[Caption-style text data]
---*---

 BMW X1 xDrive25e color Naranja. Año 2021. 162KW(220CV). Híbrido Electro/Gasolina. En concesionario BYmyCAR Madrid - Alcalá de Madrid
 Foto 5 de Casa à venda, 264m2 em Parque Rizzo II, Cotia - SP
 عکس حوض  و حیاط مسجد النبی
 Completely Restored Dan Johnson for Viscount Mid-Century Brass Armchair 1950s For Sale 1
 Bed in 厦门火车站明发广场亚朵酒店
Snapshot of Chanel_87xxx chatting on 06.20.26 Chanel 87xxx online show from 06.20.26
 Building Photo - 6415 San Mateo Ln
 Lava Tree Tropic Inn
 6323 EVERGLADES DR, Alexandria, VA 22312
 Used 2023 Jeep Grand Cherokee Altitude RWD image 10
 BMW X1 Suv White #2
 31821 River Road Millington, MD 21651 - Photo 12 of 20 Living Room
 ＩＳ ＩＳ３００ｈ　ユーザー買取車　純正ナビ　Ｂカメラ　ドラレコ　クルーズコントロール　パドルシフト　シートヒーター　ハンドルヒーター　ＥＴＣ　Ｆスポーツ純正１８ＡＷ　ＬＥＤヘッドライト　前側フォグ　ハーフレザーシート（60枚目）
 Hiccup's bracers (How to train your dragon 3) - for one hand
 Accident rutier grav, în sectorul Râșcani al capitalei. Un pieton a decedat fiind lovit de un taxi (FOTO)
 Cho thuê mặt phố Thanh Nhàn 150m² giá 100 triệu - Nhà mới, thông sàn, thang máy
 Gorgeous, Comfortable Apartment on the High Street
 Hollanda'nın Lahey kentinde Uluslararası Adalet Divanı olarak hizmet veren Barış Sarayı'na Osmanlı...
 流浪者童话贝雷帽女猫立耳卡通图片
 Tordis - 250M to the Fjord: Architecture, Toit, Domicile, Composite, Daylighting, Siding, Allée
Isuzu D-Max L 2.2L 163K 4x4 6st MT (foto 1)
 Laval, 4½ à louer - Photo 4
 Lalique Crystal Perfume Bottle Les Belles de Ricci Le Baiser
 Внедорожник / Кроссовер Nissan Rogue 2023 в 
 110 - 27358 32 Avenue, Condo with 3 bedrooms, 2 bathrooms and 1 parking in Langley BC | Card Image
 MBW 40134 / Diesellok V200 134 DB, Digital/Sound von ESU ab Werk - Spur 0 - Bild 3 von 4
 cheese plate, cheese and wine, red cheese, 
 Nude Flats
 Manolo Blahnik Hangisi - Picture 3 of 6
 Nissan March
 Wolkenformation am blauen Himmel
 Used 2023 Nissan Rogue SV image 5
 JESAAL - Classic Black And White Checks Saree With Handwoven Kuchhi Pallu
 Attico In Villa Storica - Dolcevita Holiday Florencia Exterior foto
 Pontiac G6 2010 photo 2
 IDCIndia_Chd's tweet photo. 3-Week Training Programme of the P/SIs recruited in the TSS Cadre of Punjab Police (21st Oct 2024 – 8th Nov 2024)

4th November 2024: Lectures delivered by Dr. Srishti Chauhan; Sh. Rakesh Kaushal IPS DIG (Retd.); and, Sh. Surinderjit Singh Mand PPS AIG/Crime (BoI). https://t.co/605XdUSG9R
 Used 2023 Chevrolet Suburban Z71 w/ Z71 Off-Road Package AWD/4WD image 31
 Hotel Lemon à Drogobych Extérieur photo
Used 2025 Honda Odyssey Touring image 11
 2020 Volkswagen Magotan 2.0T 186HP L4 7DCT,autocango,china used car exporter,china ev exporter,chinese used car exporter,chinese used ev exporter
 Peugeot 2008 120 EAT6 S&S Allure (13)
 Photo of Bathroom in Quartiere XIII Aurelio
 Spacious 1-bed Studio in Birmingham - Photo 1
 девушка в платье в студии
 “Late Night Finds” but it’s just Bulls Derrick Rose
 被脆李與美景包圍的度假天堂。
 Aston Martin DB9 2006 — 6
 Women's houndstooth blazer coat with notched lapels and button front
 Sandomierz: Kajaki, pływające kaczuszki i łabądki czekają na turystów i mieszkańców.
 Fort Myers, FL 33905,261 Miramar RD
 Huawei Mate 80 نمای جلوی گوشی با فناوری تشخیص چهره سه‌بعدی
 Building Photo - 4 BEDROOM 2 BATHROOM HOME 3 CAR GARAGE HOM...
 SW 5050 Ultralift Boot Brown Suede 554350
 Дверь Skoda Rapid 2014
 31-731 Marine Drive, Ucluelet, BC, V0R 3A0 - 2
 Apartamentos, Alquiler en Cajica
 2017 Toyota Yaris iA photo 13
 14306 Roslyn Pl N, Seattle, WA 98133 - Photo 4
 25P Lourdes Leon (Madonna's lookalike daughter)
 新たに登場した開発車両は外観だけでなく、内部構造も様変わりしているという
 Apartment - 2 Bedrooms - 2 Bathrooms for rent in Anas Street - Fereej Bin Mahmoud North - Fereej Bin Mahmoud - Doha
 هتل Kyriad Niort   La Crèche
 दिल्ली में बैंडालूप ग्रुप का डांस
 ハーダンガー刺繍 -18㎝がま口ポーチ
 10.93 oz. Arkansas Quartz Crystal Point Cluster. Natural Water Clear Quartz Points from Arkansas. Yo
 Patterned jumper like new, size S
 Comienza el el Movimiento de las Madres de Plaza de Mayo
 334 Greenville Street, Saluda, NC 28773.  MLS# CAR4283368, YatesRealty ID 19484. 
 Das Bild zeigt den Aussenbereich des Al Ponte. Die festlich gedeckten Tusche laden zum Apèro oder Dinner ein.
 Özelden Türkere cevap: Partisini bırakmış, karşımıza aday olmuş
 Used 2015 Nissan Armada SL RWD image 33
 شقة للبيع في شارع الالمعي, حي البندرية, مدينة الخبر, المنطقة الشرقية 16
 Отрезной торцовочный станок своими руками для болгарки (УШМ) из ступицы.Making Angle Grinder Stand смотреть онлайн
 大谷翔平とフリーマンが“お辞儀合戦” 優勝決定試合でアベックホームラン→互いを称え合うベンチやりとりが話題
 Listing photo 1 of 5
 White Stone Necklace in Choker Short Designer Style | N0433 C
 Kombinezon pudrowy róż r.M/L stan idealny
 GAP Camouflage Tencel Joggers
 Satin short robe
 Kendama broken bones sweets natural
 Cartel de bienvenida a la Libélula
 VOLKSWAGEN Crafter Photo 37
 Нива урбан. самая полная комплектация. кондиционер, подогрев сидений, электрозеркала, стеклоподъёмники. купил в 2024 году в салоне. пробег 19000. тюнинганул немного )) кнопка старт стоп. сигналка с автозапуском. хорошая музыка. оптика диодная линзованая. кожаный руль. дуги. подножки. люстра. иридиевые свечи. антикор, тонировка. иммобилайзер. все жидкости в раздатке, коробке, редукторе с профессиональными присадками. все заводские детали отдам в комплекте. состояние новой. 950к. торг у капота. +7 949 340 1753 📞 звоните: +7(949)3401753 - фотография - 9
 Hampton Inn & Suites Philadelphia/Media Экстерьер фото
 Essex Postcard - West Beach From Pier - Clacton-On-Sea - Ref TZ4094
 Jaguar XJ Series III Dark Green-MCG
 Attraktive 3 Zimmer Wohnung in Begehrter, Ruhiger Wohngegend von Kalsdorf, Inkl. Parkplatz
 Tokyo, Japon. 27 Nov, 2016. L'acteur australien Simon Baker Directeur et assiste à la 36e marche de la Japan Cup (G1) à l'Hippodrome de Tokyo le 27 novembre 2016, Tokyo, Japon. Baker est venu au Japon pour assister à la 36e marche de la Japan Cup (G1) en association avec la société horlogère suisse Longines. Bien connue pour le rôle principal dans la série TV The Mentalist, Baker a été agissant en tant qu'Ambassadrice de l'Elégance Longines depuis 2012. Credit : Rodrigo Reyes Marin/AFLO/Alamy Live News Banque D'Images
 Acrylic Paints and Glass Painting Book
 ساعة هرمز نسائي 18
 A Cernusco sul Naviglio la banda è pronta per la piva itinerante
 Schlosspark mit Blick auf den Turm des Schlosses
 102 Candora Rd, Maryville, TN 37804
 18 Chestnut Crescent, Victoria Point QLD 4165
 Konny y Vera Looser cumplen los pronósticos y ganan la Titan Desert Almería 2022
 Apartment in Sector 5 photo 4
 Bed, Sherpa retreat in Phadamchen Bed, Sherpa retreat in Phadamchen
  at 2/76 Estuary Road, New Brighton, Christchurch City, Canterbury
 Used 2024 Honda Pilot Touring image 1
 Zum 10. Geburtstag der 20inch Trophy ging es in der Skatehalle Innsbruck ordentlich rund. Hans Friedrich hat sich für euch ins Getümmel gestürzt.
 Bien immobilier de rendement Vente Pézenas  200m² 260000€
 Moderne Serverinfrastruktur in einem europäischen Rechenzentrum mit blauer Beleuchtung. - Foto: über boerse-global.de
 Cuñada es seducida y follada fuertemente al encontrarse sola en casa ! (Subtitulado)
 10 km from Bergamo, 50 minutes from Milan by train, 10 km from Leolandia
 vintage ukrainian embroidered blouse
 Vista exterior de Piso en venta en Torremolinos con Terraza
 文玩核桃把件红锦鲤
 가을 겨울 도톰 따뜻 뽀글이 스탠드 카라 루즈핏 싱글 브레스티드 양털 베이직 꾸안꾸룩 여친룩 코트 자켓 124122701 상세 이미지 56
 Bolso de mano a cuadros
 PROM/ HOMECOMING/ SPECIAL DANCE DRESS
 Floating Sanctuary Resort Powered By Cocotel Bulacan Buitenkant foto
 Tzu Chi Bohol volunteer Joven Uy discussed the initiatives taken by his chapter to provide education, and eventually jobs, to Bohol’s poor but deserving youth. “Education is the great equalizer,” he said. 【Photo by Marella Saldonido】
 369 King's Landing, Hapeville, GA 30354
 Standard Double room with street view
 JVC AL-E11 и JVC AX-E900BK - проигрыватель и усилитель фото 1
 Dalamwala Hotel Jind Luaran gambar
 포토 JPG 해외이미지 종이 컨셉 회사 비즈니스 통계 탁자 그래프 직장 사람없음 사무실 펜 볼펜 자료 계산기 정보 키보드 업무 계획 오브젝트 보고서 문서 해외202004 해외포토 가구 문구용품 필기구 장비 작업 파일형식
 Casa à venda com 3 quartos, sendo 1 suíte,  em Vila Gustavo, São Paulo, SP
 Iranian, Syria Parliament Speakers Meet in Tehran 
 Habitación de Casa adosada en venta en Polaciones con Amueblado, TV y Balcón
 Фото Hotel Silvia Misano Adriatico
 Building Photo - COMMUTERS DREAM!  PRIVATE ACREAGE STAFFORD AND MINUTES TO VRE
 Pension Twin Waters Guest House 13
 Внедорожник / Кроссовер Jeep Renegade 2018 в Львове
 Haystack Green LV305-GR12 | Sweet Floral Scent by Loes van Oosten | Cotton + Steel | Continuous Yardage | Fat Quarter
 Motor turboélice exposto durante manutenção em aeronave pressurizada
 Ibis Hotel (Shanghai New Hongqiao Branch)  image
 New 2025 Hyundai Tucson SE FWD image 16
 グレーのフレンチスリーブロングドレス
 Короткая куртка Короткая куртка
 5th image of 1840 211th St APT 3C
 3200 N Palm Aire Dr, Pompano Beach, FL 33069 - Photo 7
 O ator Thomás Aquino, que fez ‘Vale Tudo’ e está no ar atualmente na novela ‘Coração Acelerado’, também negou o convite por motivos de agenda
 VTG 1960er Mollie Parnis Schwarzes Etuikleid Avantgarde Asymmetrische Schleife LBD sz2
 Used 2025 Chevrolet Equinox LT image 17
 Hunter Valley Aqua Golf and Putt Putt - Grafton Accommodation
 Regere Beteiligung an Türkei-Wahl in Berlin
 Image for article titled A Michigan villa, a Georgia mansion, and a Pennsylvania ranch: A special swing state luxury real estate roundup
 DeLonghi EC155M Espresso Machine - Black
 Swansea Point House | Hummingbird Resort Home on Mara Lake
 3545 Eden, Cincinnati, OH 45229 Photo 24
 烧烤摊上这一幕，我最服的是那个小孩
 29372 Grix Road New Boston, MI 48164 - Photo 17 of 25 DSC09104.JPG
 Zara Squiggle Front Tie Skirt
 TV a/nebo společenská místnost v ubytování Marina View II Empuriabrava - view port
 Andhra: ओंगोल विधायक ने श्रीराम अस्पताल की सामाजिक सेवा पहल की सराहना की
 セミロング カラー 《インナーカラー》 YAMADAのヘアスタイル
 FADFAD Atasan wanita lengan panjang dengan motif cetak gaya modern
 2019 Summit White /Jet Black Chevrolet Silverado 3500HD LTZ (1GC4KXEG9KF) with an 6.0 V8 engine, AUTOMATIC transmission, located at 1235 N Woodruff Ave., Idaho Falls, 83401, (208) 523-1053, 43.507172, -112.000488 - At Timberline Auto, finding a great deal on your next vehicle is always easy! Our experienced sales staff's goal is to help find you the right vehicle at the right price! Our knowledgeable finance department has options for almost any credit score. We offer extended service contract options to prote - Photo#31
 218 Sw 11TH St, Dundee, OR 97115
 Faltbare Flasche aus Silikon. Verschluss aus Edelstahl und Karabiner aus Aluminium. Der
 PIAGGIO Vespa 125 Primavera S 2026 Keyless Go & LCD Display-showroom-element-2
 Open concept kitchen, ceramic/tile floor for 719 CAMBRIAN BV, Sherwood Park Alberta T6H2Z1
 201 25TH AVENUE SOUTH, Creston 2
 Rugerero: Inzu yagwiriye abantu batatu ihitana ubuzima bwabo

---*---

Problem:
Above are the entries; count how many of their lines contain the word "Кроссовер" and give only that number.

Response to this exercise:
2